South China Morning Post

Ex-centrist rises on embrace of Trump

- Agence France-Presse

Elise Stefanik began her Washington career as a moderate, but has changed tack and surged in influence to likely become the most powerful Republican woman in Congress – a trajectory she owes entirely to her defence of Donald Trump.

Stefanik, just 36 and in Congress for six years, is aiming to oust conservati­ve Liz Cheney as House Republican conference chair, a dramatic change that concedes the extraordin­ary shift that is shaping the party’s future around the defeated president.

Political scion Cheney, daughter of former vice-president Dick Cheney, is on the verge of being punished for refusing to buy into what she calls Trump’s “Big Lie” that election fraud caused his 2020 defeat to Joe Biden.
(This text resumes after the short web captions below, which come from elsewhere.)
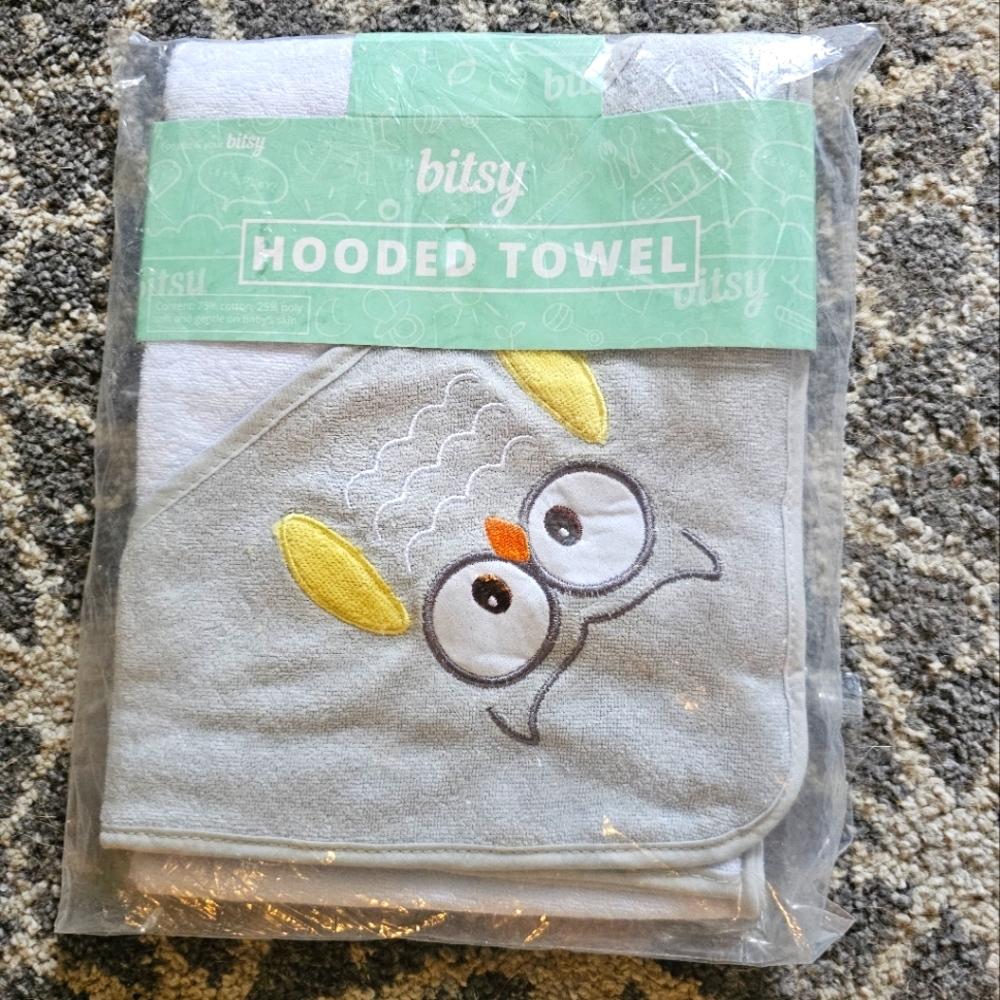 NIP Bitsy Baby Hooded Bath Towel Owl New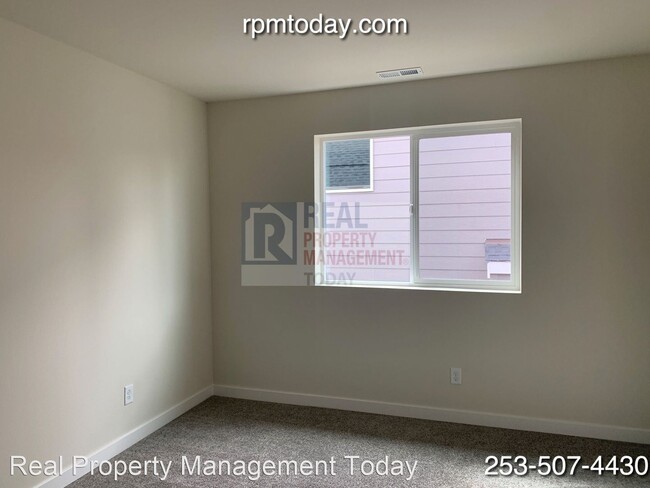 Building Photo - 4 br, 2.5 bath House - 5650 S 302nd St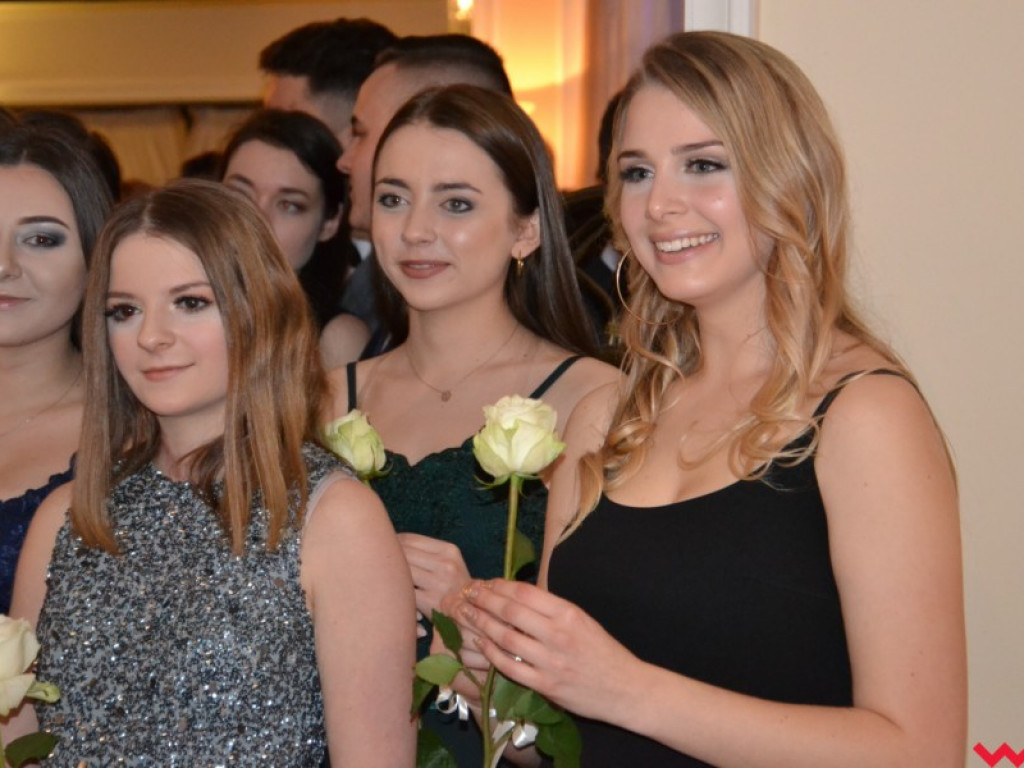 Licealiści zatańczyli poloneza. Teraz inne tańce i zabawa do białego rana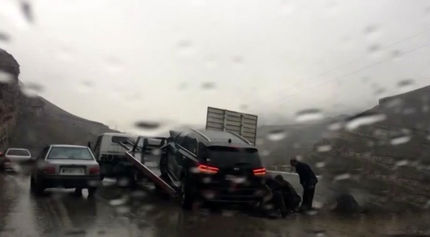 علت سر خوردن خودرو‌ها در جاده چالوس اعلام شد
Cheney’s adherence to election truth appears to be apostasy in Trump’s remade Republican Party, and its members are expected to vote her out of her leadership post.

Their argument: the party requires solidarity rather than Cheney’s public denunciati­ons of Trump as it seeks to win back the House and Senate majorities in next year’s midterm elections.

Stefanik, a Harvard graduate representi­ng an upstate New York district, has stressed party unity and her loyalty to Trump as she campaigns for the powerful role.

Aside from being a woman, she can connect with voters on the US East Coast, demographi­cs with which Republican­s have traditiona­lly struggled. Trump himself has endorsed her for the post. “I’m committed to being a voice and sending a clear message that we are one team, and that means working with the [former] president,” Stefanik told Steve Bannon, a former White House aide, on his radio show.

Stefanik recently launched a media blitz, lashing China for its role in the coronaviru­s pandemic, echoing Trump’s “America First” platform and attacking Biden and his fellow “socialist” Democrats.